▶ **Description of the task**
Within the records below is a range that opens at the line with "As I mentioned before, there" and closes at the line with "Hi. This is". Return that range word for word, both ends included, and only that range.
____ Study material
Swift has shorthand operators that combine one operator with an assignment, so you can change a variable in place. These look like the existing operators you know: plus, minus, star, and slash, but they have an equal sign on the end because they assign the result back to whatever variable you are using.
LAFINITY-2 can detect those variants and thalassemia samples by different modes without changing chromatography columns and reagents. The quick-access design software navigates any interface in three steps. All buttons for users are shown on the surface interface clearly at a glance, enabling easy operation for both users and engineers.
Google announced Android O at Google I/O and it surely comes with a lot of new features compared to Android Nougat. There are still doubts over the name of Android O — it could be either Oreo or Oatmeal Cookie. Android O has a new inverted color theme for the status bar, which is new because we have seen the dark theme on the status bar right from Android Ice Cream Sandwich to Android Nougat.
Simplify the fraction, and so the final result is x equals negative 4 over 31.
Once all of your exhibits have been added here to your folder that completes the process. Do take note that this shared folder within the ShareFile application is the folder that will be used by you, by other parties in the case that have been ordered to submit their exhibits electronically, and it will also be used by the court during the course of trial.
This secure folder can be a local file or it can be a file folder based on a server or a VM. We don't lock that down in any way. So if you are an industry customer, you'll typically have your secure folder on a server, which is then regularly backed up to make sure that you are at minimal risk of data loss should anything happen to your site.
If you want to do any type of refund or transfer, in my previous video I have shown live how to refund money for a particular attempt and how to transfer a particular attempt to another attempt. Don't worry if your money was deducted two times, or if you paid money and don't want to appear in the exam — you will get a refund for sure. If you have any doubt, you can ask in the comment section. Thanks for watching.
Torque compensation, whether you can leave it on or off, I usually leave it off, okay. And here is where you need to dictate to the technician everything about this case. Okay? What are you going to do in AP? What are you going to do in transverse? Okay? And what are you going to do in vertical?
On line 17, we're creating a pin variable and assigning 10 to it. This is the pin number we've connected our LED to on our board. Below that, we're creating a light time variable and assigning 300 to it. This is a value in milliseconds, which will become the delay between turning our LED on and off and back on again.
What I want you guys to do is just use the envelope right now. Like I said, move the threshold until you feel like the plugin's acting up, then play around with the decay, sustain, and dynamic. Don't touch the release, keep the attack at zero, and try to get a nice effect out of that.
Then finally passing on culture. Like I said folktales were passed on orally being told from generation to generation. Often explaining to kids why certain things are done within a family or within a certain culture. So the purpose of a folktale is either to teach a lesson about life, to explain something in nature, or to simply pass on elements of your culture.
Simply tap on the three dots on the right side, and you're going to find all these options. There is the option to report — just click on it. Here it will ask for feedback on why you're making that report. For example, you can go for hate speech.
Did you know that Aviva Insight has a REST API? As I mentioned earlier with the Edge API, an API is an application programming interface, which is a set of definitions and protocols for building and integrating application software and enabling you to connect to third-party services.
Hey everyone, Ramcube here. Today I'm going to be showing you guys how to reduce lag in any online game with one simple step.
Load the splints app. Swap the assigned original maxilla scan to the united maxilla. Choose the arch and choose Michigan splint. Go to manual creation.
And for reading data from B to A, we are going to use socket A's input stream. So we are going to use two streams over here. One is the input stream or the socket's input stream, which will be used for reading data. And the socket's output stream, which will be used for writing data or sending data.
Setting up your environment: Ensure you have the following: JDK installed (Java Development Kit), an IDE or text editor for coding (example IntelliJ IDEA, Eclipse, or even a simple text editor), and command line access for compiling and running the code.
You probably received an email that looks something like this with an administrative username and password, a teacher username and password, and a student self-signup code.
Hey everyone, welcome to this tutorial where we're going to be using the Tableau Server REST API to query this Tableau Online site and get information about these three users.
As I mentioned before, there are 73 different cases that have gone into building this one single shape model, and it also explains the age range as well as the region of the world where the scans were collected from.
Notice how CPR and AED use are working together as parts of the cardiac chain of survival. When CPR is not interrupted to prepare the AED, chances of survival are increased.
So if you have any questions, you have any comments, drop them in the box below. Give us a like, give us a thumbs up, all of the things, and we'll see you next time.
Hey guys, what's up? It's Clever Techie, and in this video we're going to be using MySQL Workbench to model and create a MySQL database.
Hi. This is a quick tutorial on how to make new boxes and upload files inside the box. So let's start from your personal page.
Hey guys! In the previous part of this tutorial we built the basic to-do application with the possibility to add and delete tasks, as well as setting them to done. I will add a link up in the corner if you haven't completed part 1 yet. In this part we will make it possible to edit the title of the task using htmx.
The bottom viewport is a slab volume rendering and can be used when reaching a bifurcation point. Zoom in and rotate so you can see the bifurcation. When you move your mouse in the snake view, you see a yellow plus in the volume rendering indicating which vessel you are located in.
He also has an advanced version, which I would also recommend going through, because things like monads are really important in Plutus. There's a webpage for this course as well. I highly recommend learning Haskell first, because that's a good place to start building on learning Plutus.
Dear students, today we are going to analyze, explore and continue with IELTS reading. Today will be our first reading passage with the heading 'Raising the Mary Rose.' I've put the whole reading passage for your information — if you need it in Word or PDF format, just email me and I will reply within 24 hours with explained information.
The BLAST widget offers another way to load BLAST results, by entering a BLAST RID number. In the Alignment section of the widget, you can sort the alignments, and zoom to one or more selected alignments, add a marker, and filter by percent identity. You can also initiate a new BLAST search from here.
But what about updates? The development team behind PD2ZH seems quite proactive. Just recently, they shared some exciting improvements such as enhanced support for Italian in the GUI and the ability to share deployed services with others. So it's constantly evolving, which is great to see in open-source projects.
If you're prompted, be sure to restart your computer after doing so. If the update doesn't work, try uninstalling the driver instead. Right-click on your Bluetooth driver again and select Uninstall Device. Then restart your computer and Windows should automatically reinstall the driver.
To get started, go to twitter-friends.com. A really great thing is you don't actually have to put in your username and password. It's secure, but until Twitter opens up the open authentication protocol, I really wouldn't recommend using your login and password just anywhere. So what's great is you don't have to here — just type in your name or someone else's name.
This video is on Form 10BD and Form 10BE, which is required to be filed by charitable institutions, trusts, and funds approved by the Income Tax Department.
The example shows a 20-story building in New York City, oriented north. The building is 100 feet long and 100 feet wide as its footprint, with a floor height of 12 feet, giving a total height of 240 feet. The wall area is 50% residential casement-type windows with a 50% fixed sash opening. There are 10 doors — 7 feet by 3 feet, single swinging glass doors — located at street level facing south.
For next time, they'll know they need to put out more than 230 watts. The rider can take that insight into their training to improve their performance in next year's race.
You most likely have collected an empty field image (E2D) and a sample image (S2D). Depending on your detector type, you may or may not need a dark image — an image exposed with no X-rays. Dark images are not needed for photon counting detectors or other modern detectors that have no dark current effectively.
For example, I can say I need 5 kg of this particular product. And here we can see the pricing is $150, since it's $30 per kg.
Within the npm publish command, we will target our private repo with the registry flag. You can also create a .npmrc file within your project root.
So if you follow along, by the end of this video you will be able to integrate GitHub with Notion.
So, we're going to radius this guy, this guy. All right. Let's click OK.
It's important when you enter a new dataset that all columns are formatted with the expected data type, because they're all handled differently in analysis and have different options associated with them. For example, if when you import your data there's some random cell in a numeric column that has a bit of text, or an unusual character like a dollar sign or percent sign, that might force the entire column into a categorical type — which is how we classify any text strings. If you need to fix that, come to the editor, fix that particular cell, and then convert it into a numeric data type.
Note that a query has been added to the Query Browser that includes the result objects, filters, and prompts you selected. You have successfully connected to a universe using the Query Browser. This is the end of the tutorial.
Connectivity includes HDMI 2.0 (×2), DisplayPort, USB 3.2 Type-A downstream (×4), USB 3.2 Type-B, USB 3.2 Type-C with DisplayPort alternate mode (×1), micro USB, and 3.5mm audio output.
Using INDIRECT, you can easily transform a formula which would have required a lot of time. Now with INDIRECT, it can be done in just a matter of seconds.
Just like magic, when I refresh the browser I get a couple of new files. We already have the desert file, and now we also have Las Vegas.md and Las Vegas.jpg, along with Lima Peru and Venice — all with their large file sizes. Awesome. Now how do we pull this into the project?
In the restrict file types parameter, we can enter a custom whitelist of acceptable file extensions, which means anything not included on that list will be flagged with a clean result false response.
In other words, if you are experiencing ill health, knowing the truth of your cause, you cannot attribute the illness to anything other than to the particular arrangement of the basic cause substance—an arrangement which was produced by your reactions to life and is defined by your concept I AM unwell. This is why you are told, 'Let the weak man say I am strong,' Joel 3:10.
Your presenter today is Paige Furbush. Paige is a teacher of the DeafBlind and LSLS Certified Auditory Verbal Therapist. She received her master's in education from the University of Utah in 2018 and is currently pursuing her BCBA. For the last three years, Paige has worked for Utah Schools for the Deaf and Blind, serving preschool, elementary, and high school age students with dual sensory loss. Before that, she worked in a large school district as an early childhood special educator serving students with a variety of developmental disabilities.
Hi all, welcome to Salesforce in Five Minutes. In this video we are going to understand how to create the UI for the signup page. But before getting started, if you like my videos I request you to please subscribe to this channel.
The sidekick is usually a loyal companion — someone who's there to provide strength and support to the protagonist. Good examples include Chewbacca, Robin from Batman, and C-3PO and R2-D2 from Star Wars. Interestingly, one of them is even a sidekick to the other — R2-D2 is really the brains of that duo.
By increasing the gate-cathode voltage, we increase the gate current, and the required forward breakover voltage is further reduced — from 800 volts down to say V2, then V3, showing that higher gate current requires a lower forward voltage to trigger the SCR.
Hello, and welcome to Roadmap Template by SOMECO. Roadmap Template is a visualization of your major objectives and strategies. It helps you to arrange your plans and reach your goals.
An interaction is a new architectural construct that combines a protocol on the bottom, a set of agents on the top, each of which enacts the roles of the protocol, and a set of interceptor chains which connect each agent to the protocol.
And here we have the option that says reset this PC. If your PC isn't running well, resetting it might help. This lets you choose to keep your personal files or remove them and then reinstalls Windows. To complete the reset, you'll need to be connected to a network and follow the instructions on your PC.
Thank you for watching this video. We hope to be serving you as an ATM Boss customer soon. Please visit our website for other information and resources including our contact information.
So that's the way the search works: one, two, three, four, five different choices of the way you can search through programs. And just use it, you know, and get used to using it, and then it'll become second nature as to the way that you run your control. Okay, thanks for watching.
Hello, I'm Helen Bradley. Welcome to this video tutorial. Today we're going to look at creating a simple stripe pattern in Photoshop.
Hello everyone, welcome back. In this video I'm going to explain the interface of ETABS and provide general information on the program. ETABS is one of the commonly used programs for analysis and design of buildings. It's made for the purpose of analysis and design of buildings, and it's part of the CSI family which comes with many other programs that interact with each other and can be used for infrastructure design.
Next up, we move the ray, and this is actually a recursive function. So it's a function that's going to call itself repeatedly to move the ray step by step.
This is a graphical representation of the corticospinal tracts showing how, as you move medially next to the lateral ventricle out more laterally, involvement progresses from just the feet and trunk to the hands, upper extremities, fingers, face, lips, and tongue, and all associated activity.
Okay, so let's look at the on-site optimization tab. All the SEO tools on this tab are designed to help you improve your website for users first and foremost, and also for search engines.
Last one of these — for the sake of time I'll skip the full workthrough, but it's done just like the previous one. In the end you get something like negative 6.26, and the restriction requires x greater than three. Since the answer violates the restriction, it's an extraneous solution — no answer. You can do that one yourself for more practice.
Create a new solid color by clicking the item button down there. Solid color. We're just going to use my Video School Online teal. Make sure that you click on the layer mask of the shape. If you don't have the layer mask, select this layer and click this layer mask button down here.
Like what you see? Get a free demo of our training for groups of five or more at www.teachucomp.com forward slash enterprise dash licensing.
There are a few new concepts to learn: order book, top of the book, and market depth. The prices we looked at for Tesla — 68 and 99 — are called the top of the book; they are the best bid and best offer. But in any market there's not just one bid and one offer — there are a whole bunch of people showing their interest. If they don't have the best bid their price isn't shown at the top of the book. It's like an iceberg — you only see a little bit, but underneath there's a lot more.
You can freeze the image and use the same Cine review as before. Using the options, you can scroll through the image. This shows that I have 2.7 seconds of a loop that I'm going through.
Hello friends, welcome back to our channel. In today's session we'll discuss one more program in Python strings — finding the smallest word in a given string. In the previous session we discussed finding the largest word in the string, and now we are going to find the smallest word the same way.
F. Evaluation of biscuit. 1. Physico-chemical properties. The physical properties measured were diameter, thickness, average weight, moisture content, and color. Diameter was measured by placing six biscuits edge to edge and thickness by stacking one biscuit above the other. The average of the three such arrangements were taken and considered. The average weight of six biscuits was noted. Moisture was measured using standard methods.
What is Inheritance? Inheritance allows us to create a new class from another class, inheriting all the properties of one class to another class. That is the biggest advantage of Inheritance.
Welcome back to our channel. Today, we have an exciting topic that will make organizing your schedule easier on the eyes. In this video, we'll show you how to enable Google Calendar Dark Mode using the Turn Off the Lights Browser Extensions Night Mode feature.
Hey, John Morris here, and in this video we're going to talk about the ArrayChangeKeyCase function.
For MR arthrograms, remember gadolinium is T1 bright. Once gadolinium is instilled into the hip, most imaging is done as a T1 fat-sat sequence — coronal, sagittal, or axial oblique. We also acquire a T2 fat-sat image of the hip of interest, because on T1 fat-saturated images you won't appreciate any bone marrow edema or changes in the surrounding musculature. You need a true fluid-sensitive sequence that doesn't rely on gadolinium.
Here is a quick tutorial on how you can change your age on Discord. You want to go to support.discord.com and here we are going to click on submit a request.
________
▶ **Exercise solution**
As I mentioned before, there are 73 different cases that have gone into building this one single shape model, and it also explains the age range as well as the region of the world where the scans were collected from.
Notice how CPR and AED use are working together as parts of the cardiac chain of survival. When CPR is not interrupted to prepare the AED, chances of survival are increased.
So if you have any questions, you have any comments, drop them in the box below. Give us a like, give us a thumbs up, all of the things, and we'll see you next time.
Hey guys, what's up? It's Clever Techie, and in this video we're going to be using MySQL Workbench to model and create a MySQL database.
Hi. This is a quick tutorial on how to make new boxes and upload files inside the box. So let's start from your personal page.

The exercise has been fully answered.